Sur les frais liés au litige :
17. Les dispositions de l’article L. 761-1 du code de justice administrative font obstacle à ce que soit mise à la charge de M. A, qui n’est pas la partie perdante dans la présente instance, la somme que le département du Nord demande au titre des frais exposés et non compris dans les dépens. Il y a lieu, en revanche, de faire application de ces dispositions et de mettre à la charge de ce dernier la somme de 1 500 euros au titre des frais exposés par le requérant et non compris dans les dépens.
D E C I D E :
Article 1er : Le département du Nord est condamné à verser à M. A la somme de 21 335,30 euros avec intérêts au taux légal à compter du 4 février 2022. Les intérêts échus à la date du 4 février 2023 puis à chaque échéance annuelle à compter de cette date seront capitalisés à chacune de ces dates pour produire eux-mêmes intérêts.
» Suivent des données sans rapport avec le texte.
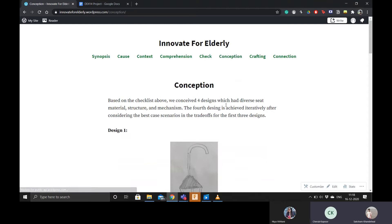Other than that, I worked on conception where I made four designs on paper which had different mechanisms and materials and narrowed down on one design for crafting.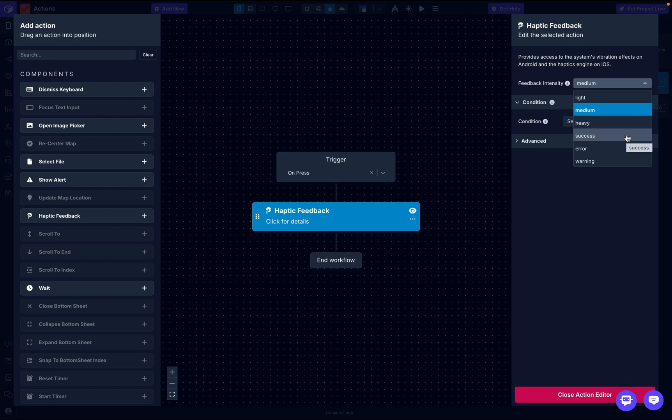Then we have error, a sharp vibration that signals something went wrong. You'll usually see this with Apple Pay if your card was declined. It's just going to be a single vibration.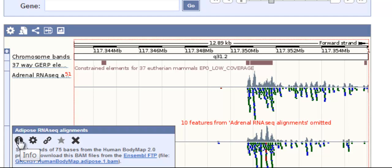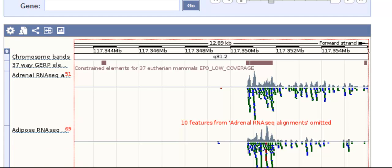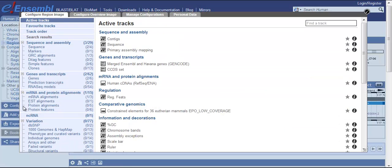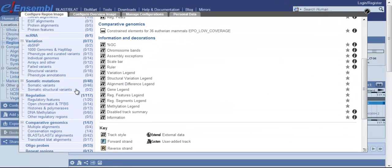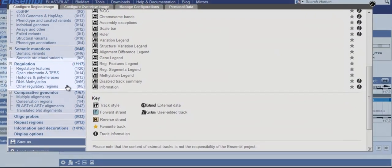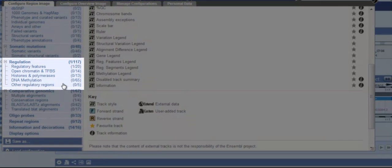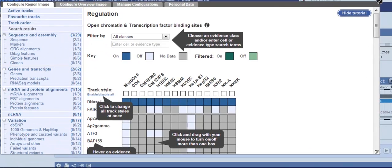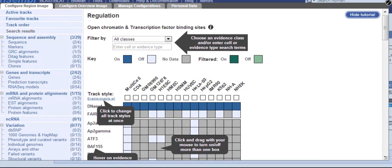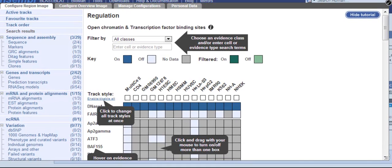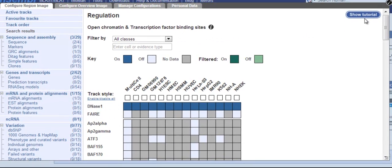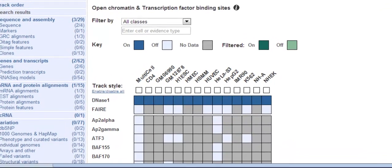Let's take a look at the matrix for regulatory features, many of which are based on ENCODE data. Click configure this page. Move down to the Regulations section. I'm going to click on Open Chromatin and TFBS for transcription factor binding sites. For now, I'll hide the tutorial.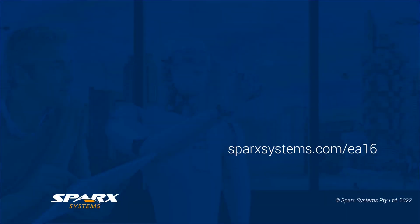Hopefully this gives you a good starting point for getting familiar with the new native connection feature, which is available in the new version 16 release of Enterprise Architect. For more information on this, see sparksystems.com/EA16.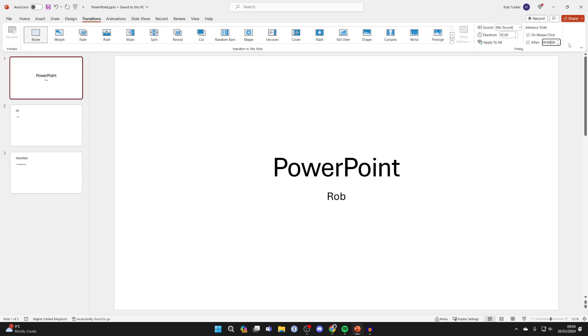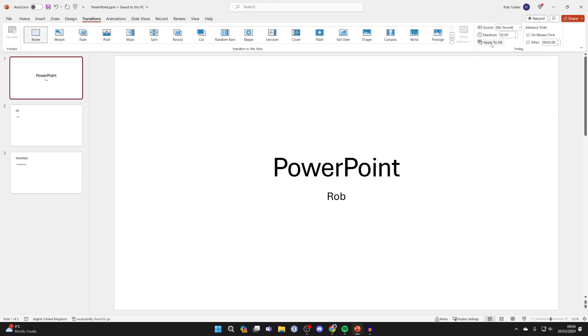In this case I want each slide to have three seconds. Of course you may want to vary it if the different slides have different amounts of text, but I'm just going to click on apply to all.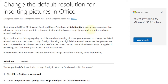If you read the Microsoft documentation regarding High Fidelity, it means Microsoft will preserve the highest possible pixel of the original picture when possible. That means pictures are not compressed unless they exceed the size of the document canvas, and only minimum compression is applied if necessary.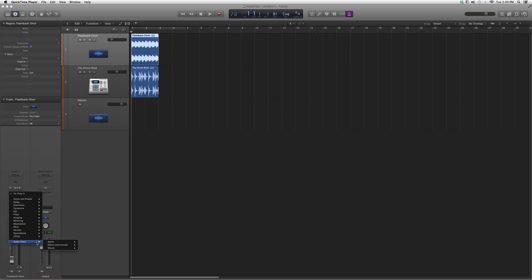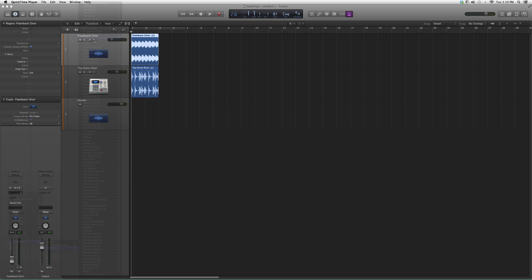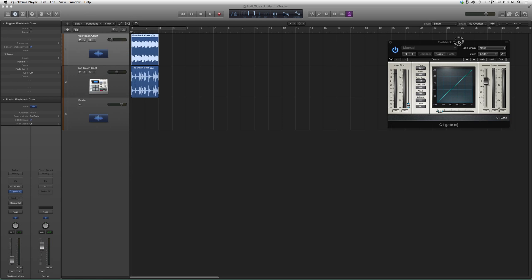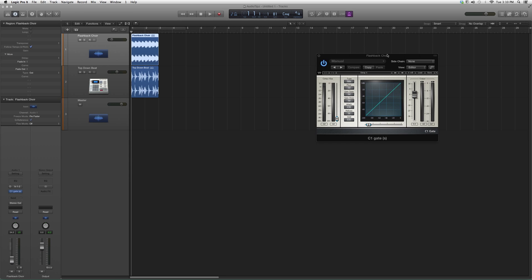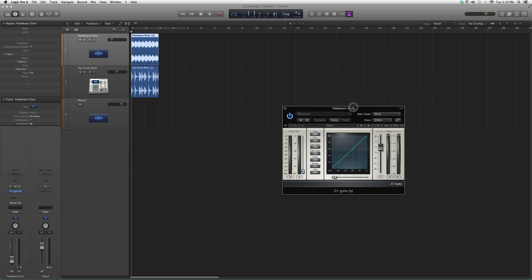So we're gonna go to Audio Effects, down to Audio Units, to Waves, and up to C1 Gate. This is basically a gate—it works the exact same way as the other C1s that I previously showed you guys.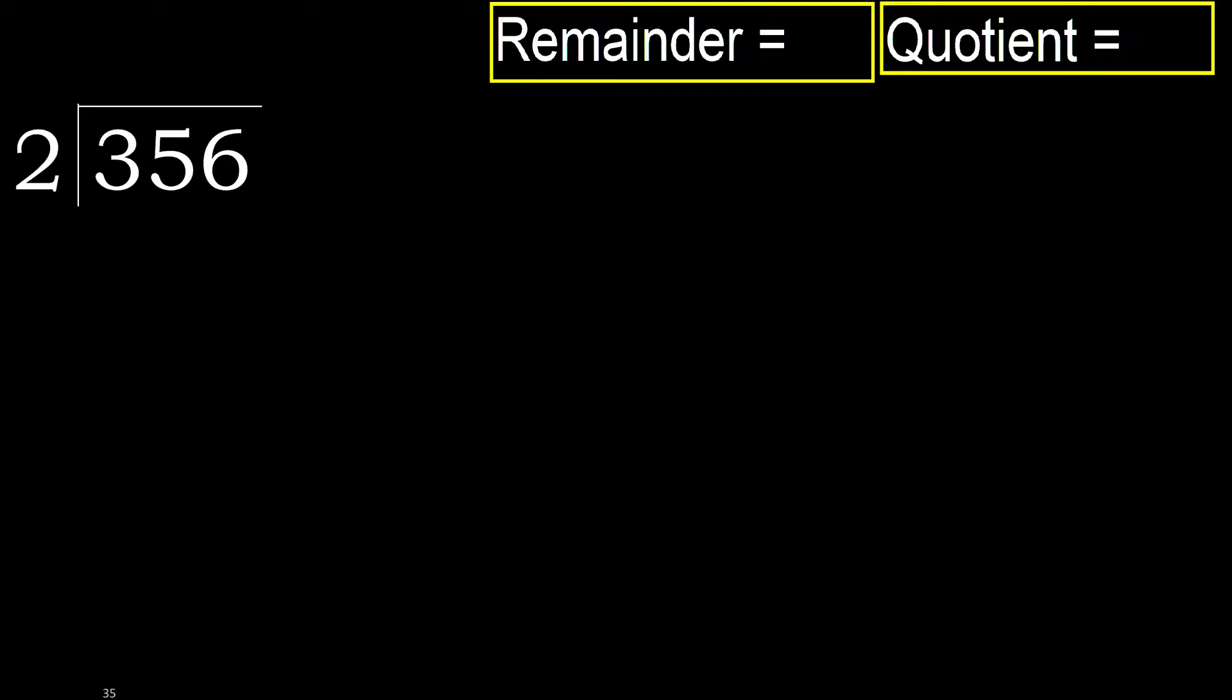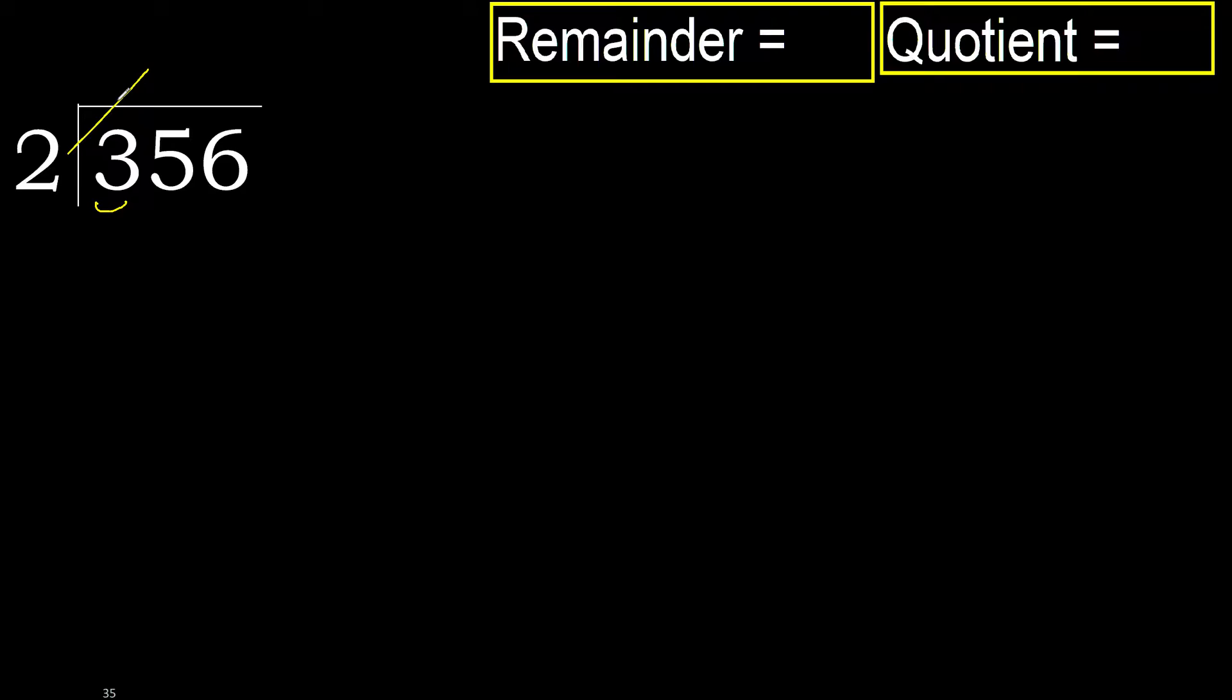356 divided by 2. 3 is not less, therefore with 3. 2 multiplied by which number is nearest to 3 but not greater? 2 multiplied by 2 is 4. 4 is greater. Multiply by 1. 2 is not greater. Subtract.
Article 2 : Le département versera à M. A la somme de 1 500 euros au titre de l’article L. 761-1 du code de justice administrative.
Article 3 : Le surplus des conclusions de la requête est rejeté.
Article 4 : Les conclusions du département du Nord présentées sur le fondement des dispositions de l’article L. 761-1 du code de justice administrative sont rejetées.
Article 5 : Le présent jugement sera notifié à M. B A et au département du Nord.
Délibéré après l’audience du 24 juin 2025, à laquelle siégeaient :
Mme Leguin, présidente,
Mme Piou, première conseillère,
M. Boileau, conseiller.
Rendu public par mise à disposition au greffe le 4 juillet 2025.
La rapporteure,
Signé
C. Piou
La présidente,
Signé
A-M. Leguin
La greffière,
Signé
S. Sing
La République mande et ordonne au préfet du Nord en ce qui le concerne ou à tous commissaires de justice à ce requis en ce qui concerne les voies de droit commun, contre les parties privées, de pourvoir à l’exécution de la présente décision.